-- WORK ORDER --
Line by line, repeat the material below exactly and leave the images out.

-- RECORDED INFORMATION --
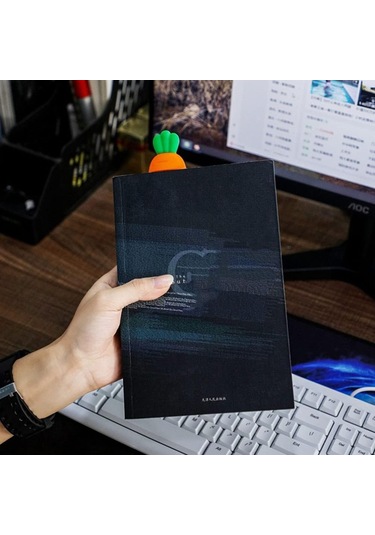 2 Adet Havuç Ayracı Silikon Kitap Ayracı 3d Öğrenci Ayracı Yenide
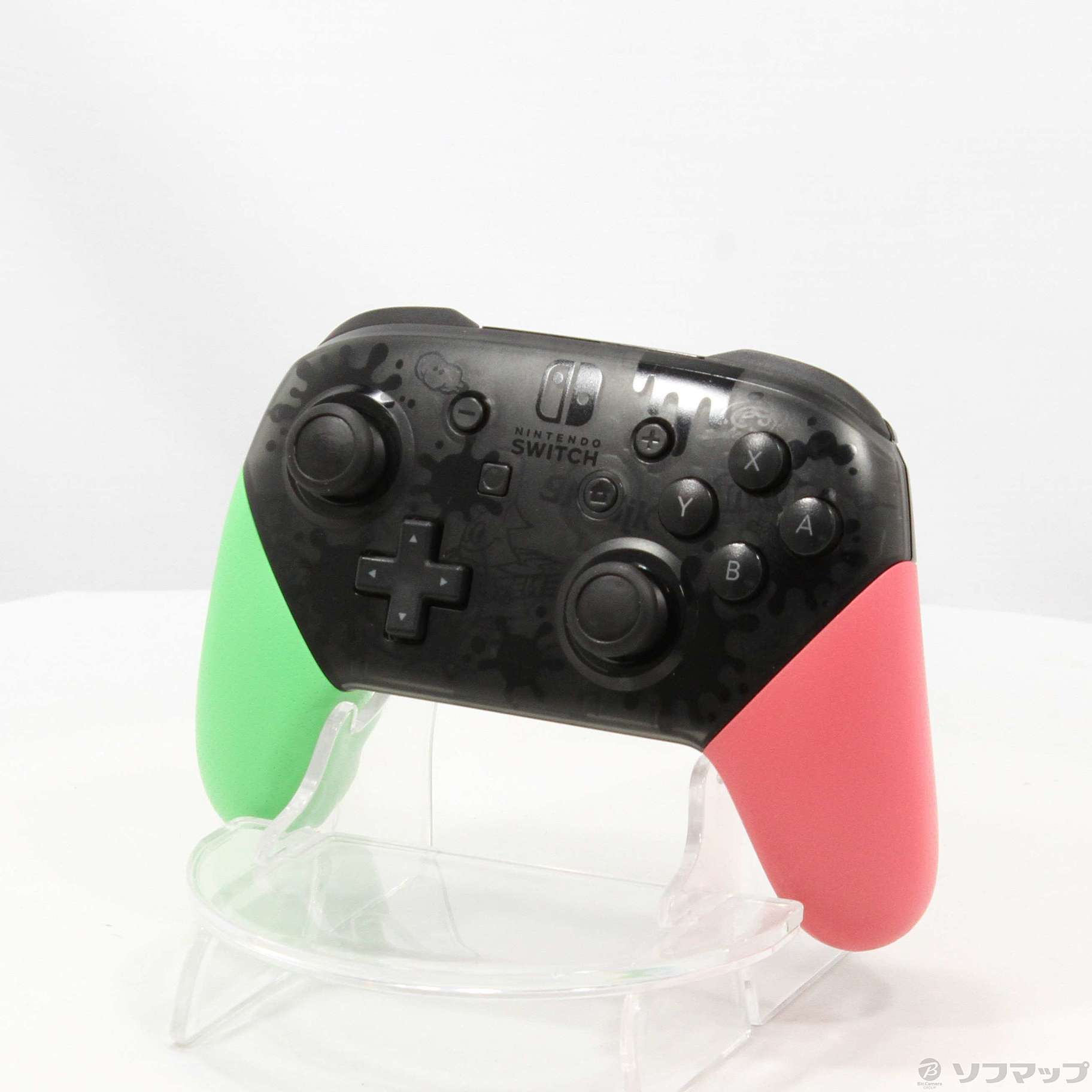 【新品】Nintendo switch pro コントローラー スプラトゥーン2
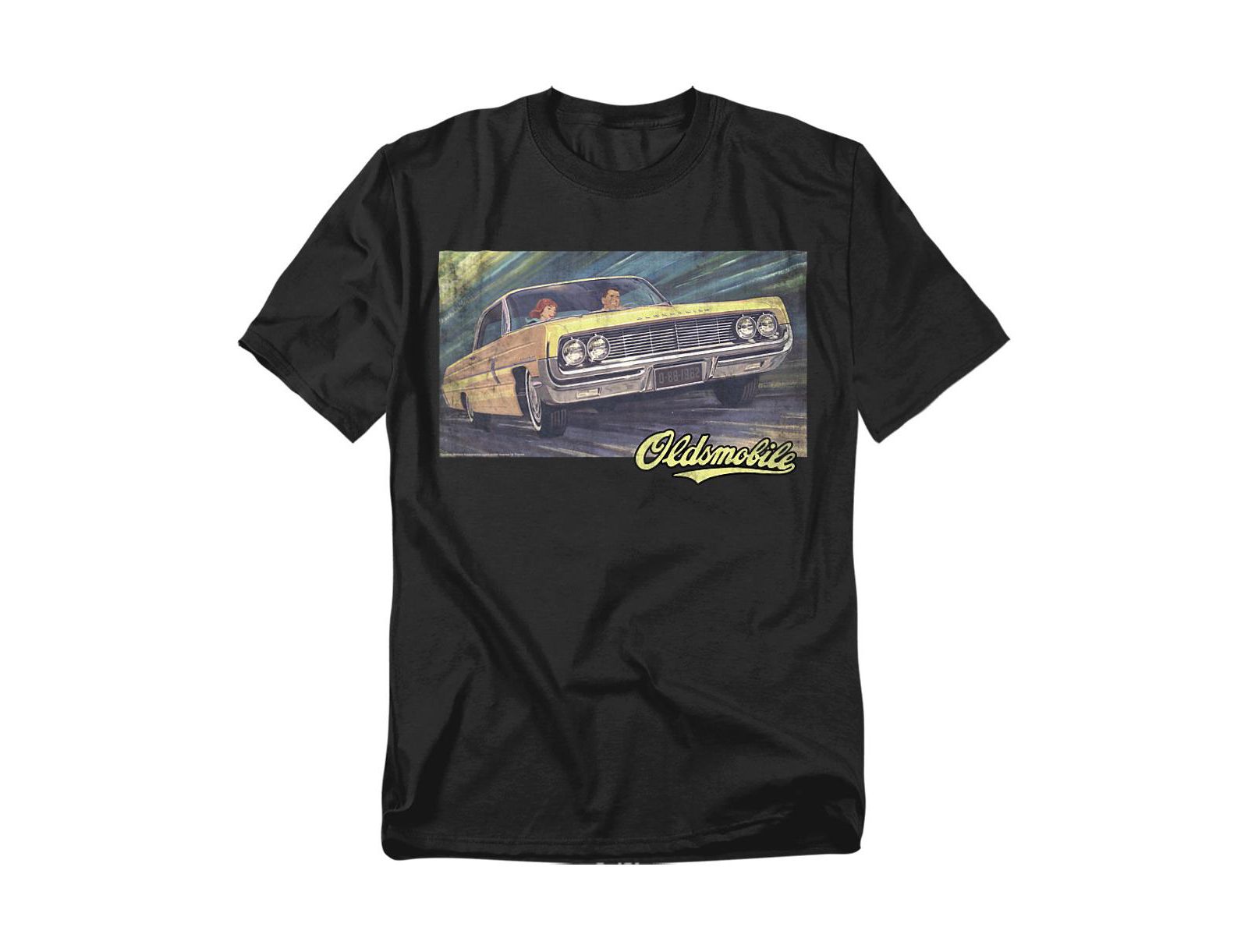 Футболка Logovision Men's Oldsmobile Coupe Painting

-- EXERCISE SOLUTION --
 2 Adet Havuç Ayracı Silikon Kitap Ayracı 3d Öğrenci Ayracı Yenide
 【新品】Nintendo switch pro コントローラー スプラトゥーン2
 Футболка Logovision Men's Oldsmobile Coupe Painting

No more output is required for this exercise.